#### Problem details
Exact copies of all the entries below are expected in the answer.

#### Web page caption snippets
***
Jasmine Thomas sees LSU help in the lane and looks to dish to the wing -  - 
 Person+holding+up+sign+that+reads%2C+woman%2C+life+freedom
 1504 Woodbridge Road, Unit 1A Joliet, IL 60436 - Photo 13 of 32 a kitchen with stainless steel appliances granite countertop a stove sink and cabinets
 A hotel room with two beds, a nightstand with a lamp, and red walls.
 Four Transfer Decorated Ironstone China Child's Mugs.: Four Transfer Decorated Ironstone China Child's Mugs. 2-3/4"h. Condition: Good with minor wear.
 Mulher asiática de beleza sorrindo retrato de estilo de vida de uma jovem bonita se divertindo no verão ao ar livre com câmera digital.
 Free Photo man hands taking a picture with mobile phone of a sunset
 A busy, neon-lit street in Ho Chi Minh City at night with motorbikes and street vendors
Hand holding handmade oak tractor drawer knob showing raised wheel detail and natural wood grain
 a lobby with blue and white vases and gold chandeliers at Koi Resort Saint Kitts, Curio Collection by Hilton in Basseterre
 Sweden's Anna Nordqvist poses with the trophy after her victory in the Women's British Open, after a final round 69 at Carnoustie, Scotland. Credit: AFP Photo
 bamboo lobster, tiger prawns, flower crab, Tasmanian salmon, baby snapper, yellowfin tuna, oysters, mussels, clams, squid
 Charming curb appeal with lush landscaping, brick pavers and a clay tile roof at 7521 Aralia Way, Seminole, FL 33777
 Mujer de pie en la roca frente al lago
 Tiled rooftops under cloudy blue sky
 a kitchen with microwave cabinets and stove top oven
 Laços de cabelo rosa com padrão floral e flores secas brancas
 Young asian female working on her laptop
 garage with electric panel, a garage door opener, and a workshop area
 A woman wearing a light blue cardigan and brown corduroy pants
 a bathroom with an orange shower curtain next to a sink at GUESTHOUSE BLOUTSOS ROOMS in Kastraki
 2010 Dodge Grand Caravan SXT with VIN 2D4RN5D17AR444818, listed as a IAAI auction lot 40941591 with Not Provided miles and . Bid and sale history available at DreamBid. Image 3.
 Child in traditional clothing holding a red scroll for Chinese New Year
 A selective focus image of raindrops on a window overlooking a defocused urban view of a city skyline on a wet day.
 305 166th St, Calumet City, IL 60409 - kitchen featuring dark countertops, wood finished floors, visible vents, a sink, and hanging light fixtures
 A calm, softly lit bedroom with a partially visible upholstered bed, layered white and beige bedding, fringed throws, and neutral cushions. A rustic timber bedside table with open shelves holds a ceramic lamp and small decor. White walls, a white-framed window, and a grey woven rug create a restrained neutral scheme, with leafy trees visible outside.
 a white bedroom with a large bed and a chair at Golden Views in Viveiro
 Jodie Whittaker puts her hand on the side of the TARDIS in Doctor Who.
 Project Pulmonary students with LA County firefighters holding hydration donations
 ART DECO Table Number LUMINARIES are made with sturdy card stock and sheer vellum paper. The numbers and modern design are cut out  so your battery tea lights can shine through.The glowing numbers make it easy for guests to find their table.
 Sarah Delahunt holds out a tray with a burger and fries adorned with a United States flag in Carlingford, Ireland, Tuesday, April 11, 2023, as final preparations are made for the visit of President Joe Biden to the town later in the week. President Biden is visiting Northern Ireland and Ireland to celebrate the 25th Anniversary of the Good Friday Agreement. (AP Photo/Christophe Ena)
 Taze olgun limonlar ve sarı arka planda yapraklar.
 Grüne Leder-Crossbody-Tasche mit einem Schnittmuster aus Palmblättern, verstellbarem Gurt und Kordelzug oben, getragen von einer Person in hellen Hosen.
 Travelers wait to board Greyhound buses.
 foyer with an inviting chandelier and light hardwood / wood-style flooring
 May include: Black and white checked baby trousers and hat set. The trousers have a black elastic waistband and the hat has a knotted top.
***
#### Exercise answer
Jasmine Thomas sees LSU help in the lane and looks to dish to the wing -  - 
 Person+holding+up+sign+that+reads%2C+woman%2C+life+freedom
 1504 Woodbridge Road, Unit 1A Joliet, IL 60436 - Photo 13 of 32 a kitchen with stainless steel appliances granite countertop a stove sink and cabinets
 A hotel room with two beds, a nightstand with a lamp, and red walls.
 Four Transfer Decorated Ironstone China Child's Mugs.: Four Transfer Decorated Ironstone China Child's Mugs. 2-3/4"h. Condition: Good with minor wear.
 Mulher asiática de beleza sorrindo retrato de estilo de vida de uma jovem bonita se divertindo no verão ao ar livre com câmera digital.
 Free Photo man hands taking a picture with mobile phone of a sunset
 A busy, neon-lit street in Ho Chi Minh City at night with motorbikes and street vendors
Hand holding handmade oak tractor drawer knob showing raised wheel detail and natural wood grain
 a lobby with blue and white vases and gold chandeliers at Koi Resort Saint Kitts, Curio Collection by Hilton in Basseterre
 Sweden's Anna Nordqvist poses with the trophy after her victory in the Women's British Open, after a final round 69 at Carnoustie, Scotland. Credit: AFP Photo
 bamboo lobster, tiger prawns, flower crab, Tasmanian salmon, baby snapper, yellowfin tuna, oysters, mussels, clams, squid
 Charming curb appeal with lush landscaping, brick pavers and a clay tile roof at 7521 Aralia Way, Seminole, FL 33777
 Mujer de pie en la roca frente al lago
 Tiled rooftops under cloudy blue sky
 a kitchen with microwave cabinets and stove top oven
 Laços de cabelo rosa com padrão floral e flores secas brancas
 Young asian female working on her laptop
 garage with electric panel, a garage door opener, and a workshop area
 A woman wearing a light blue cardigan and brown corduroy pants
 a bathroom with an orange shower curtain next to a sink at GUESTHOUSE BLOUTSOS ROOMS in Kastraki
 2010 Dodge Grand Caravan SXT with VIN 2D4RN5D17AR444818, listed as a IAAI auction lot 40941591 with Not Provided miles and . Bid and sale history available at DreamBid. Image 3.
 Child in traditional clothing holding a red scroll for Chinese New Year
 A selective focus image of raindrops on a window overlooking a defocused urban view of a city skyline on a wet day.
 305 166th St, Calumet City, IL 60409 - kitchen featuring dark countertops, wood finished floors, visible vents, a sink, and hanging light fixtures
 A calm, softly lit bedroom with a partially visible upholstered bed, layered white and beige bedding, fringed throws, and neutral cushions. A rustic timber bedside table with open shelves holds a ceramic lamp and small decor. White walls, a white-framed window, and a grey woven rug create a restrained neutral scheme, with leafy trees visible outside.
 a white bedroom with a large bed and a chair at Golden Views in Viveiro
 Jodie Whittaker puts her hand on the side of the TARDIS in Doctor Who.
 Project Pulmonary students with LA County firefighters holding hydration donations
 ART DECO Table Number LUMINARIES are made with sturdy card stock and sheer vellum paper. The numbers and modern design are cut out  so your battery tea lights can shine through.The glowing numbers make it easy for guests to find their table.
 Sarah Delahunt holds out a tray with a burger and fries adorned with a United States flag in Carlingford, Ireland, Tuesday, April 11, 2023, as final preparations are made for the visit of President Joe Biden to the town later in the week. President Biden is visiting Northern Ireland and Ireland to celebrate the 25th Anniversary of the Good Friday Agreement. (AP Photo/Christophe Ena)
 Taze olgun limonlar ve sarı arka planda yapraklar.
 Grüne Leder-Crossbody-Tasche mit einem Schnittmuster aus Palmblättern, verstellbarem Gurt und Kordelzug oben, getragen von einer Person in hellen Hosen.
 Travelers wait to board Greyhound buses.
 foyer with an inviting chandelier and light hardwood / wood-style flooring
 May include: Black and white checked baby trousers and hat set. The trousers have a black elastic waistband and the hat has a knotted top.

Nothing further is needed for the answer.